Sometime in the last couple of days I was listening to a CBC Radio interview with a gentleman who was talking about blood-cell sized implants that will be used manage personal health issues. He says that these are about 30 years away, when all of my students will be younger than I am now. His contention is that these tools will be so powerful that the first thousand year old is now walking the streets of a town near you. It’s hard to imagine – and fraught with huge social issues that will demand much debate – but so was sending a man to the moon or any number of technology-based advances.
Creating global citizens prepared to work, play and learn in a world ten, twenty or fifty years from now, a world that we can barely imagine, is a huge undertaking. The move to cloud computing will make PC’s – in their present form – obsolete in the next decade. What will this mean? Why do we continue to “teach” computer-based software in our classrooms, somehow confident that it is preparing our students for their future? Why do our teachers feel that by integrating PowerPoint into their teaching they are somehow creating a different breed of young person?
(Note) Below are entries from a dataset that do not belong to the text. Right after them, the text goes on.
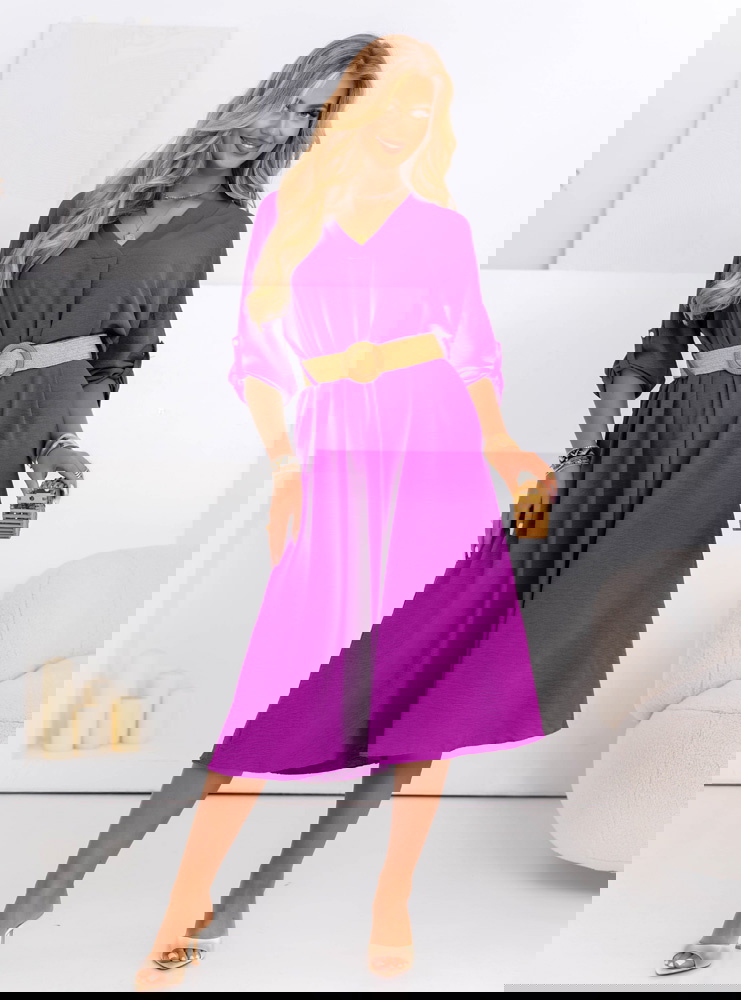 Sukienka midi z ozdobnym paskiem...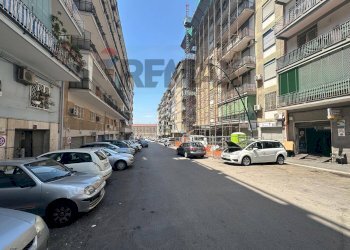 Edificio all\'aperto - Locale Commerciale Via Tiberio
32, Napoli - foto 16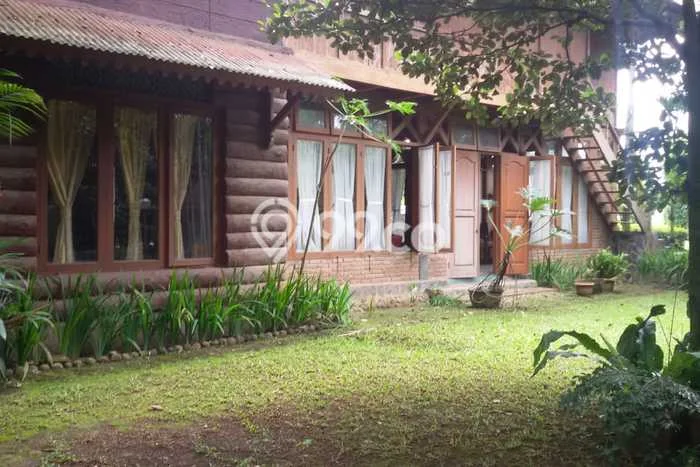 Vila di Bogor Barat, Dimensi 9800m2m², Dekat dengan transportasi umum Vila di Bogor Barat, Dimensi 9800m2m², Dekat dengan transportasi umum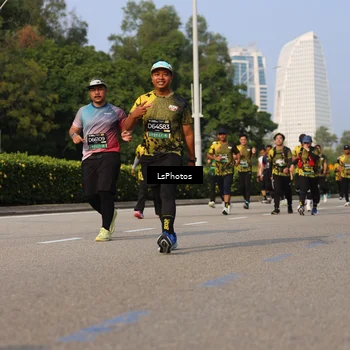 Runner Photo 6242745
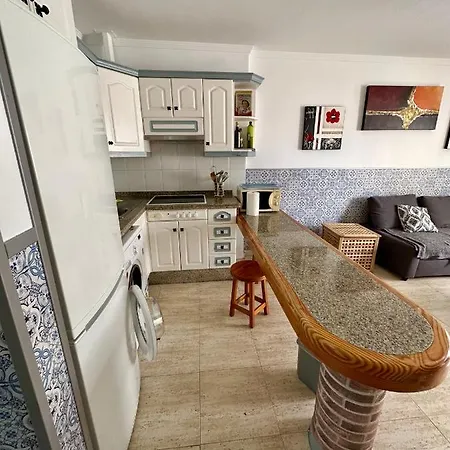 Ceyla 7, 111, Los Cristianos * Arona (Tenerife)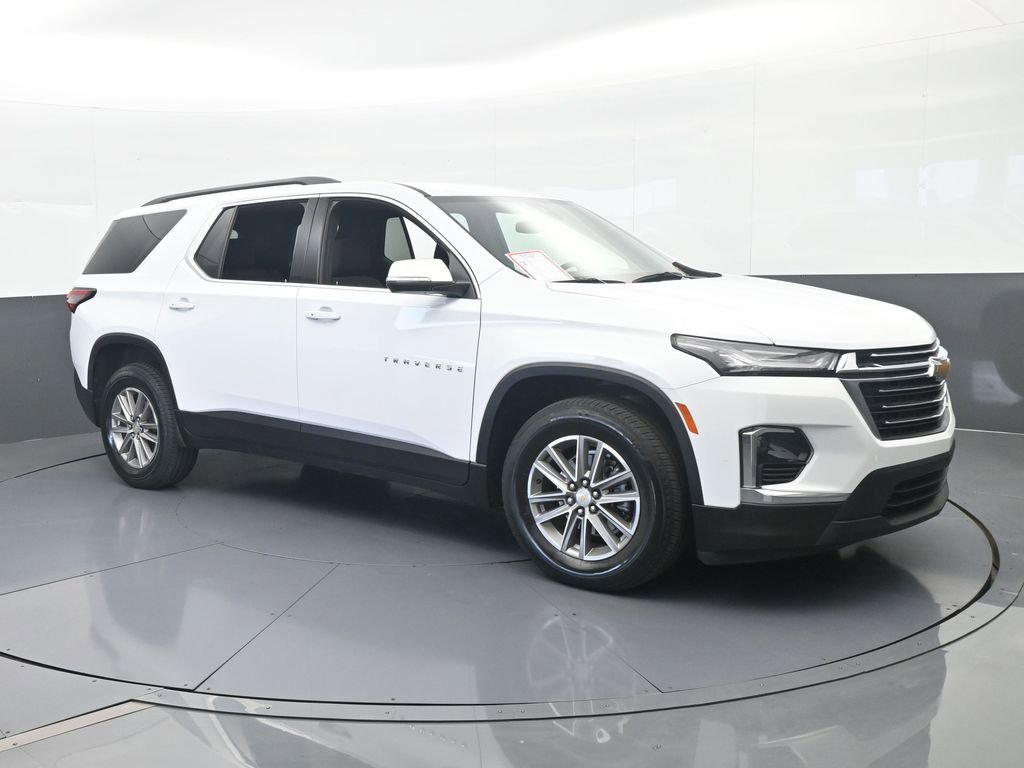 Used 2023 Chevrolet Traverse LT image 8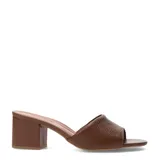 Sandalias de cuero negro marca Bottero, con taco ancho y diseño destalonado de una sola faja ancha en la parte delantera.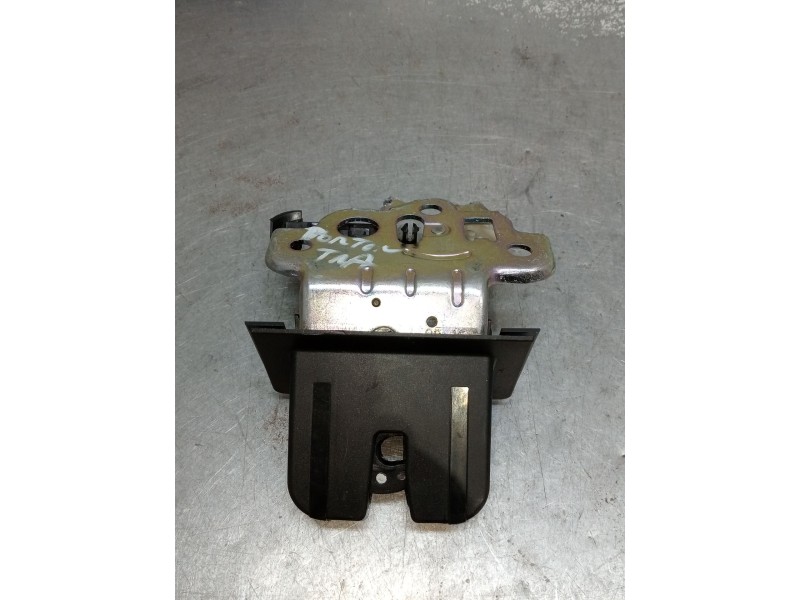 Recambio de motor cierre centralizado porton para seat toledo iv (kg3) 1.6 tdi referencia OEM IAM 5E0827505 5P 12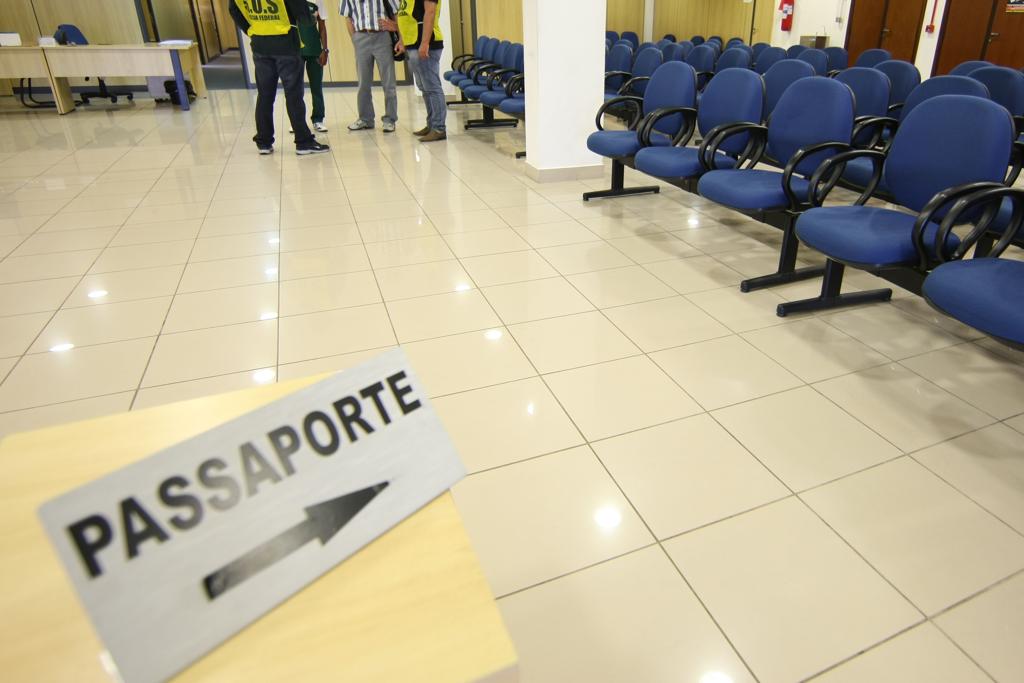 Serviços na sede da PF, no Santa Cândida, seguem sem data para normalização | IVONALDO ALEXANDRE/IVONALDO ALEXANDRE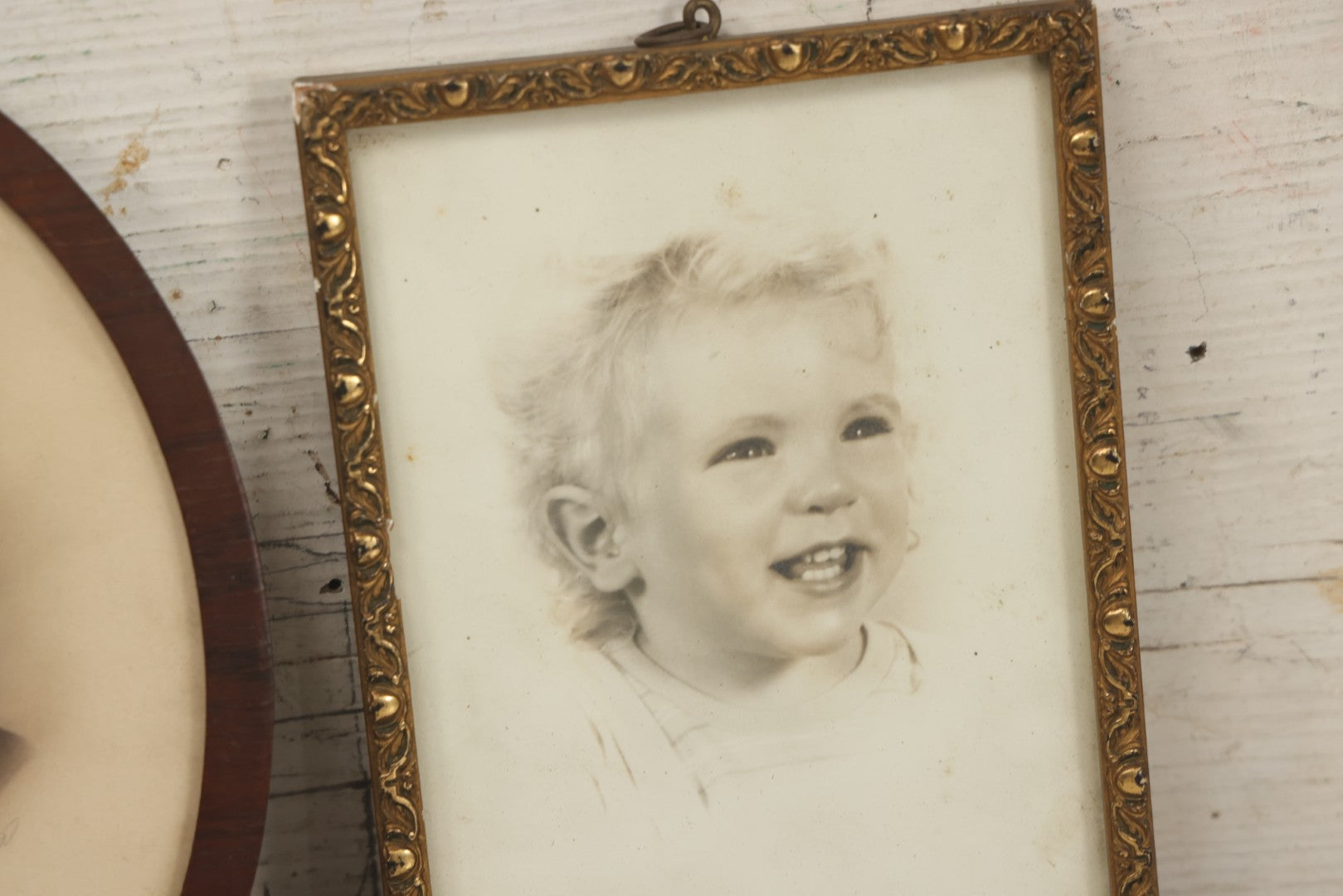 Lot 087 - Grouping Of Four Antique And Vintage Framed Studio Portrait Photographs Of The Howard Family Identified On Verso Including A.T. Howard 1st Dated 1912
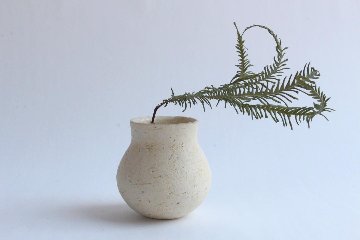 高田かえ　白土花器の画像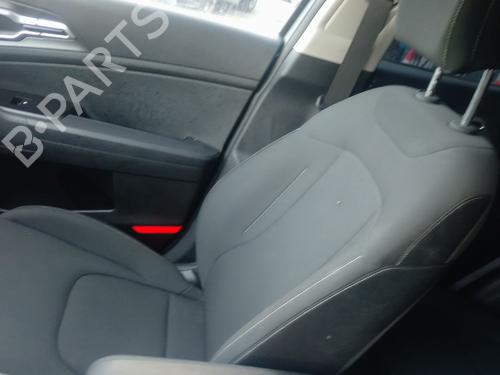 right-front-seat-kia-sportage-v-nq5-2021-39668807 main image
I still think it comes down to three critical questions when it comes to our children’s learning; what are we doing every day to a) create information artisans who are able to locate, harvest, assess, connect, create and communicate information in a digital, networked form, b) support them in developing and managing their own personal learning networks and c) help them understand and develop their own digital footprint, developing and managing their own personal brand.
On Monday, I’ll be working with language teachers at St. George’s School in Newport, Rhode Island. I’ve been asked to center the conversations around the power of connecting students using web tools – I’ll focus on wikis although there are lots of other tools available – to connect students. Who better to learn about the world from than a fellow young person. Through incorporating a foreign language study, it becomes an even more powerful tool or learning.
I am excited about the possibilities here. Properly designed and managed global projects address all three questions. Our students need more opportunities to work collaboratively with students around the world. While Cisco isn’t the only solution, they do have great commercials. This one captures the essence of students passion for connecting.
If you’re a teacher, are your students connecting, and not just connected?